*ACTIVITY:*
Write out all the data verbatim. Skip images.

*SUPPLIED MATERIAL:*
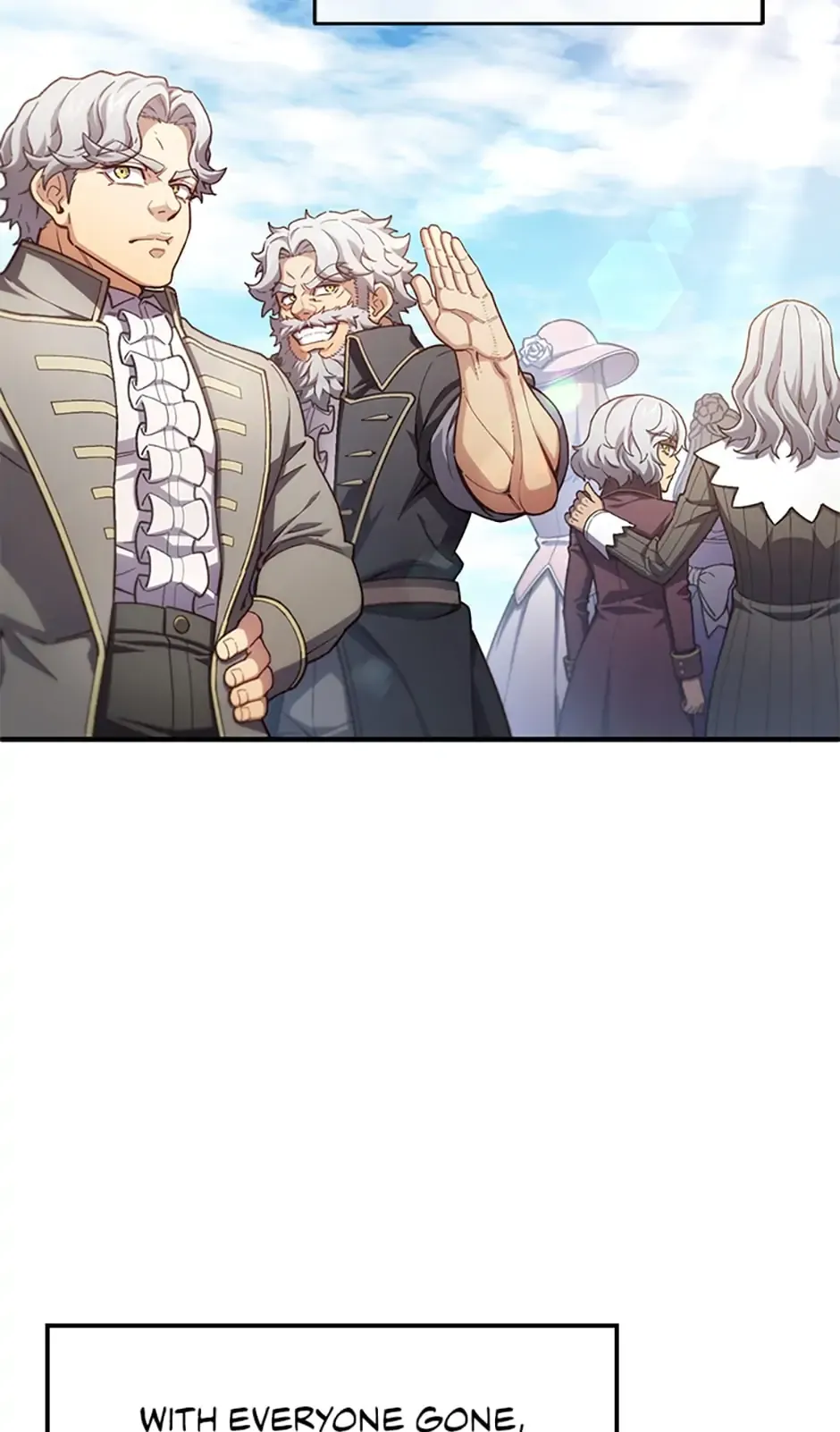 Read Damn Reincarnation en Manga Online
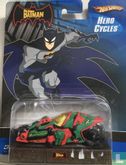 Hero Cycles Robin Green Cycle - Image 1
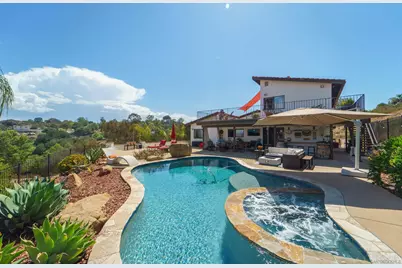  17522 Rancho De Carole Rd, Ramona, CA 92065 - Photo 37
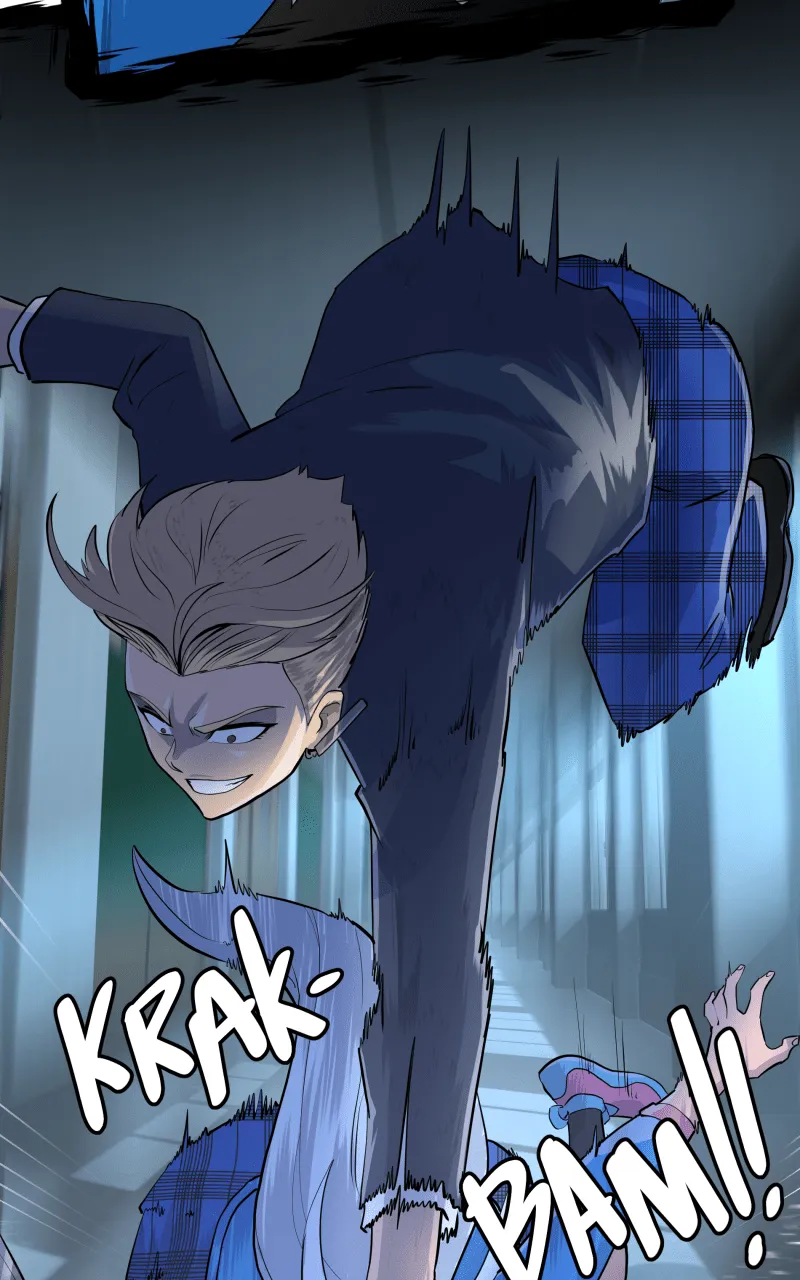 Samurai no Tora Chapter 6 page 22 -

*TASK OUTPUT:*
 Read Damn Reincarnation en Manga Online
 Hero Cycles Robin Green Cycle - Image 1
  17522 Rancho De Carole Rd, Ramona, CA 92065 - Photo 37
 Samurai no Tora Chapter 6 page 22 -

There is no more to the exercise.